La défaite du Parti socialiste est dure, cinglante. Elle était crainte. Sur le plan des idées, elle est décevante, tant il vrai que le
Parti socialiste européen était la seule force de l’Union à se présenter de manière aussi rassemblée avec un programme ambitieux mais couvert par la cacophonie franco-française.

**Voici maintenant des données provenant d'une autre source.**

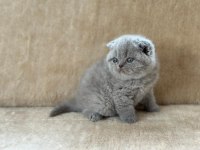Eşsiz Güzellikte Blue Scottish Fold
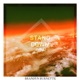 Stand Down feat LaRaisha Single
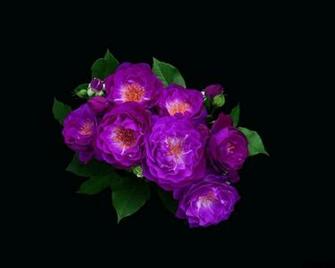 Flowers Dark Background Wallpaper HD Background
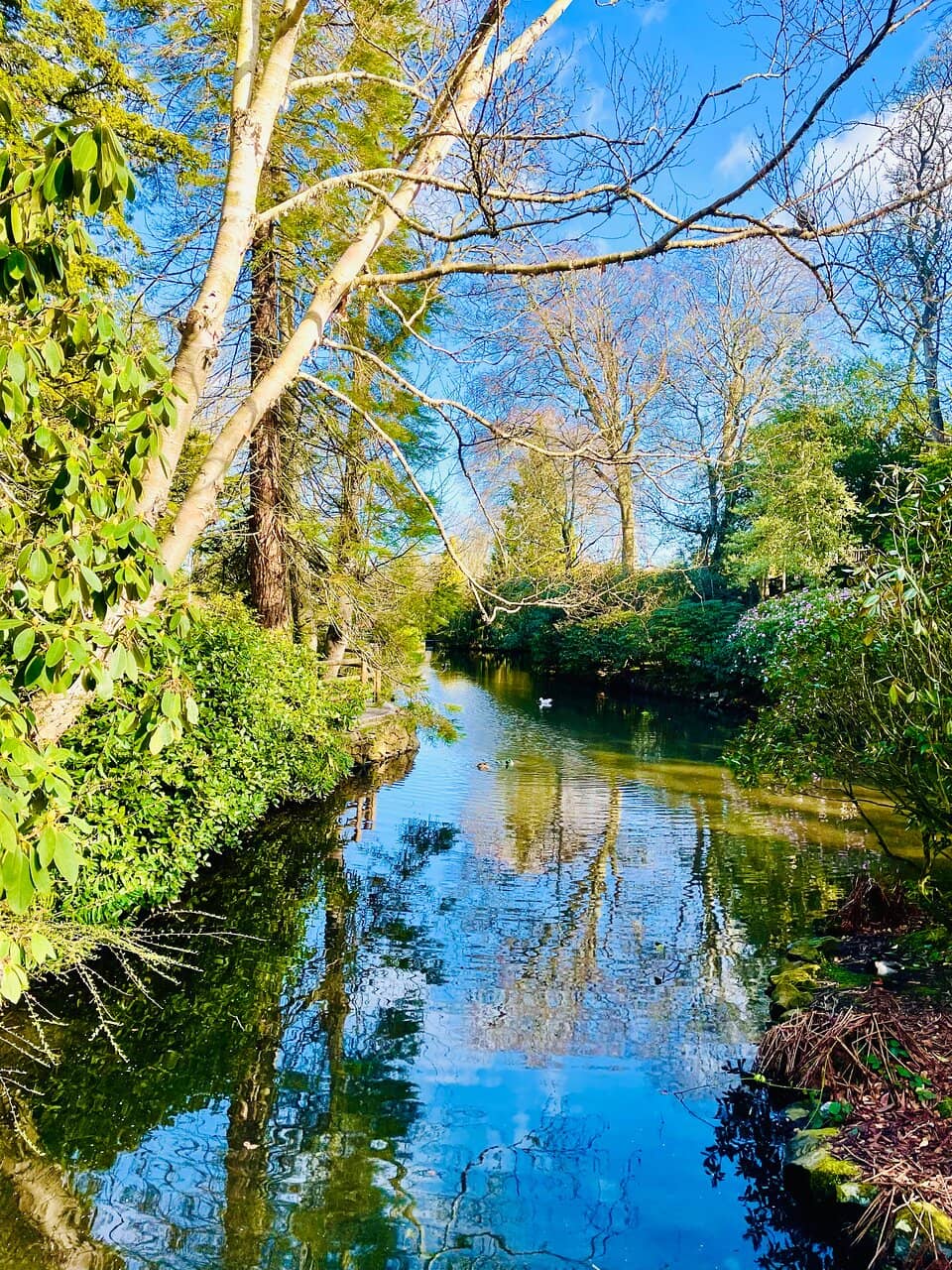 The Iconic Blue Bridge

Notre parti porte encore de manière trop douloureuse les plaies – aggravées par le triste spectacle du congrès de Reims - du non au référendum sur le projet de constitution européenne. Je vais sans
doute m’attirer à nouveau les foudres de quelques-uns, mais la trahison interne de certains ténors du PS a terni l’image du grand parti démocratique que nous sommes. Mais surtout elle a – j’en suis
persuadé – été l’élément clé qui a fait basculer notre pays du côté du non, bloquant toute évolution de l’Union, comme on a pu le constater depuis 2005. Je me souviens de tous ces jeunes rencontrés
lors de la campagne. Jamais je n’avais vu autant d’enthousiasme pour l’idée européenne. Un enthousiasme vite refroidi par l’attitude de ceux qui, en méprisant le vote des militants, ont fait gagner
le « non » et mis l’Europe dans l’impasse. Même le fabiusien Henri Weber, tête de liste dans notre région, reconnaissait le 3 juin à Saint-Jean de la Ruelle que, contrairement à ce qui nous a été
asséné au lendemain du référendum, le « non » n’était en rien unitaire mais une simple addition de mécontentements.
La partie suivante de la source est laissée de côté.